Nano-zeolite was used in the present study as a substitute for a part of lime and then inclusion polypropylene fiber in stabilized soil matrix to develop the soil stabilization method with lime and to improve the efficiency of this technique. In so doing, specimens of soft soil with 5, 10 and 15% of modifier L (lime), LZ (lime-nano-zeolite) and LZF (lime-nano-zeolite-fiber) were prepared, and were subjected to 1–7 wet-dry cycles. Then, microstructure and macrostructure tests were performed on the specimens. The results of the analyses, indicated that the optimal replacement of lime with nano-zeolite would be 40%, and the optimal amount of polypropylene fibers inclusion would be 1% in the stabilized soil matrix. Major reduction in lime consumption would yield a 40% increase in compressive strength and a 21% improvement in durability. The results also showed that the specimen containing 15%LZF would have excellent durability against environmental conditions and very good performance in terms of unconfined compressive strength (UCS), tensile strength and weight loss. Before and after applying 7 wet-dry cycles, the UCS increased by 39% and 16%, respectively. The results of this study indicate that LZF modifier is a suitable option for lime-based stabilization in areas under wet-dry cycles.
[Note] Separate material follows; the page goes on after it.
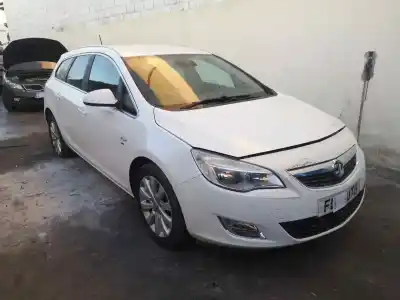 Здавання транспортного засобу opel astra j sports tourer (p10) 1.7 cdti (35) року 2012 потужний a17dtr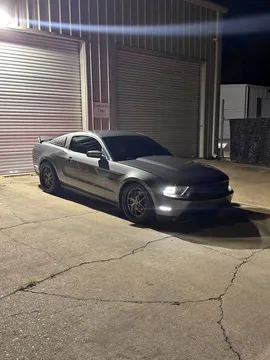 2011 Ford Mustang GT Premium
本研究使用纳米沸石代替部分石灰，然后将聚丙烯纤维掺入稳定土壤基质中，以开发石灰土壤稳定方法并提高该技术的效率。在此过程中，制备了含有 5%、10% 和 15% 的改性剂 L（石灰）、LZ（石灰-纳米沸石）和 LZF（石灰-纳米沸石-纤维）的软土样品，并进行了 1- 7 次干湿循环。然后，对试样进行显微组织和宏观结构测试。分析结果表明，纳米沸石对石灰的最佳替代量为40%，聚丙烯纤维在稳定土壤基质中的最佳掺入量为1%。石灰消耗量的大幅减少将使抗压强度提高 40%，耐久性提高 21%。结果还表明，含有 15% LZF 的试样对环境条件具有出色的耐久性，并且在无侧限抗压强度 (UCS)、拉伸强度和重量损失方面具有非常好的性能。在应用 7 次干湿循环前后，UCS 分别增加了 39% 和 16%。这项研究的结果表明，LZF 改性剂是在干湿循环下的地区进行石灰基稳定的合适选择。